Record excerpts:
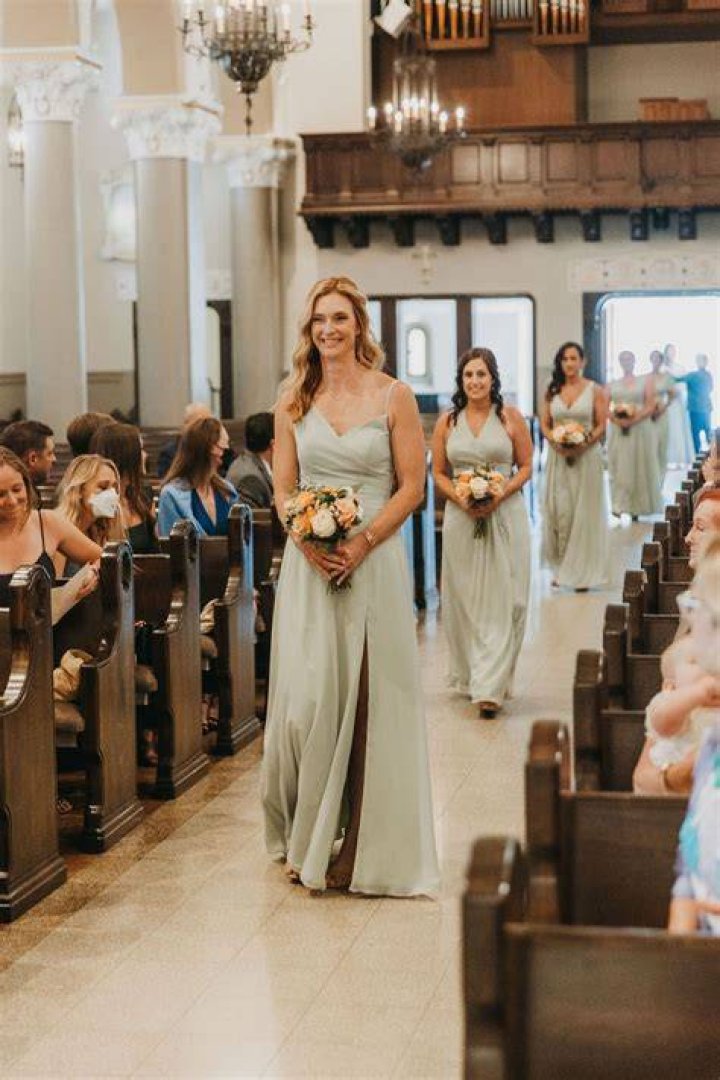 Do junior bridesmaids walk alone
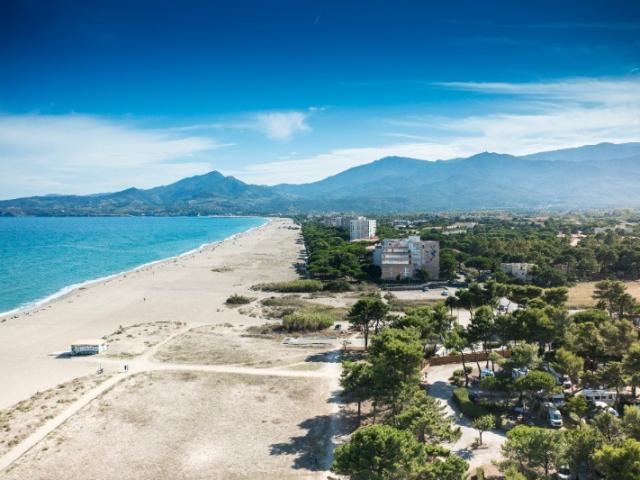 Photographie de camping et mobil-homes : immersion et ambiance touristique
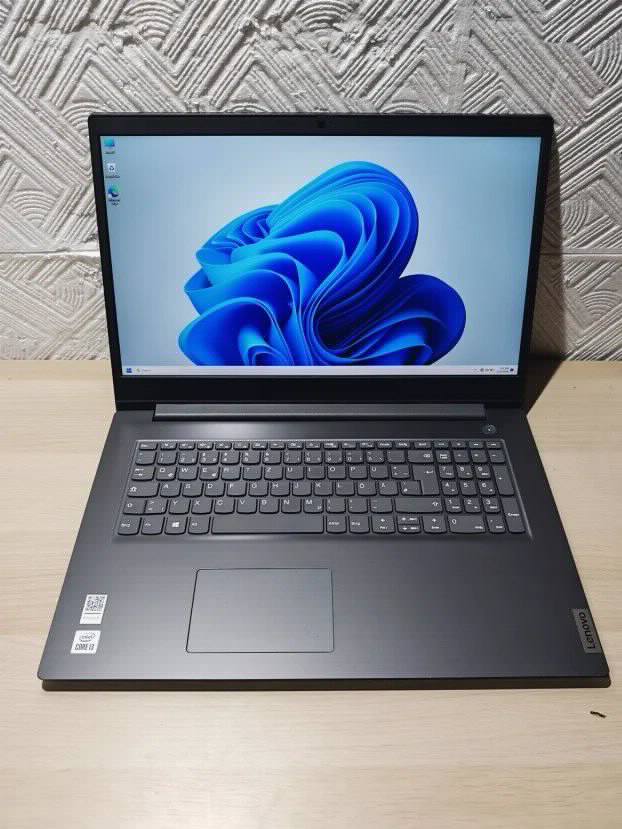 Lenovo V17 17,3  i3 10gen 4gb 512ssd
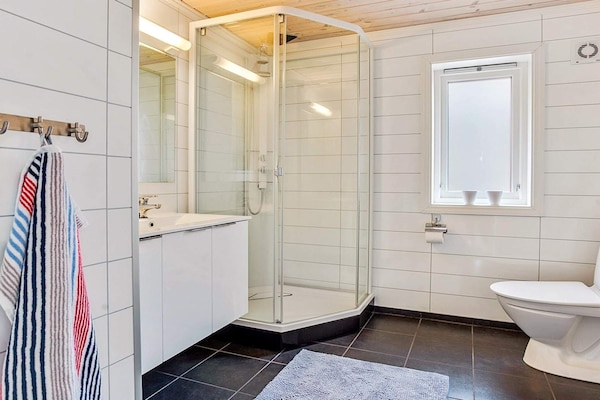 Foto van Sereen Waterfront Toevluchtsoord-By Traum - Vakantiehuis in Valevåg - Indoor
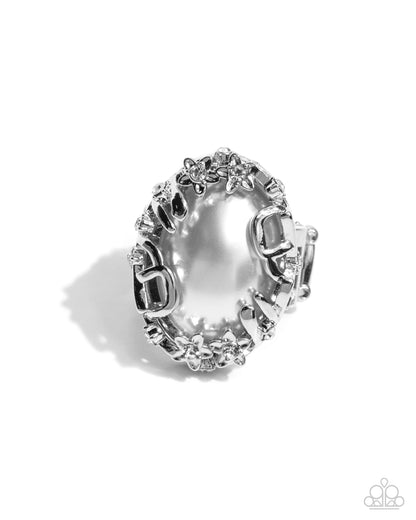 Flashy Frenzy - white - Paparazzi ring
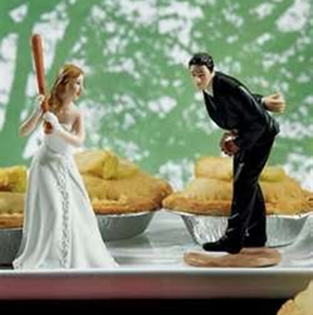 The perfect baseball wedding cake topper #PreppyPlanner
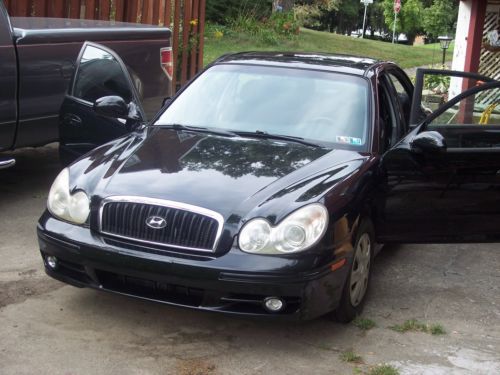 2004 hyundai v6 runs great 81k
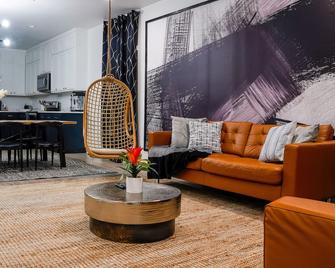 Big D Dallas Home : Hot Tub, Fire pit, large yard - Dallas - Living room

Task to complete: Beginning with the line in which "Flashy Frenzy - white - Paparazzi ring" appears, repeat exactly each line down to the close of the material, leaving every picture out.

Reply:
 Flashy Frenzy - white - Paparazzi ring
 The perfect baseball wedding cake topper #PreppyPlanner
 2004 hyundai v6 runs great 81k
 Big D Dallas Home : Hot Tub, Fire pit, large yard - Dallas - Living room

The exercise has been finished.